The bar is offered in three flavors: chocolate peanut butter, chocolate mint and chocolate chip cookie dough. Each clean-label bar contains no more than 130 calories and seven to eight grams of dairy-based protein and no more than seven grams of sugar.

“Susan and KJ really hit the flavor out of the park,” Wendt said. “The girls who tested the product ended up calling it a treat. It was really a huge effort on CDR’s part to come up with the great candy-like flavor. The girls just light up when they talk about our bars.”

With CDR’s help, the company secured co-packer Betty Lou’s out of McMinnville, Oregon, and it was accepted into the Land O’Lakes, Inc. Dairy Accelerator program, which supports U.S. dairy entrepreneurs by providing access to business resources, financial support and more.
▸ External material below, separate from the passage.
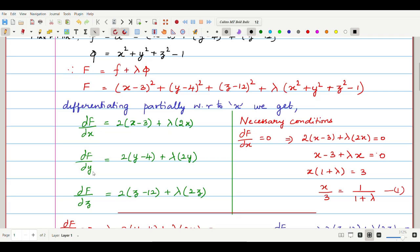Differentiating with respect to y: the first term gives 0, the second term gives 2(y−4), the third term gives 0, plus λ times 2y. Differentiating with respect to z: the first term gives 0, the second term gives 0, the third term gives 2(z−12), plus λ times 2z.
“The Land O’Lakes, Inc. Dairy Accelerator program will serve as a mini-MBA,” Wendt said. “We expect it will accelerate the launch of Jouzge and advance dairy.”

Launched on Aug. 16, the bar is currently sold at Hy-Vee in Fitchburg as well as Amazon.com. Having sold several cases in the first few weeks, Jouzge was recently accepted into the Amazon Launchpad program, which provides start-ups with the resources they need to succeed on Amazon.

Wendt is grateful for the early support and success, but is most thankful for the opportunity to provide young women with a dairy-based snack that promotes self- esteem.

“Jouzge is all about self-love and knowing your self-worth,” Wendt said. “This snack is meant to serve as a daily self-affirmation for girls.”

Utilizing social media, Wendt’s daughter Hadley and her friend Galia serve as brand ambassadors, promoting the brand and encouraging girls to share empowerment stories on the various brand outlets.

“I’m so thankful to all those who have helped along the way and particularly CDR who helped us to secure partners and break this start-up process into meaningful steps,” said Wendt. “It’s also great to know that this is a product formulated for women, by women. I think a lot of our success is thanks to great women. It’s been incredible to see that no one wants to say no to girl power.”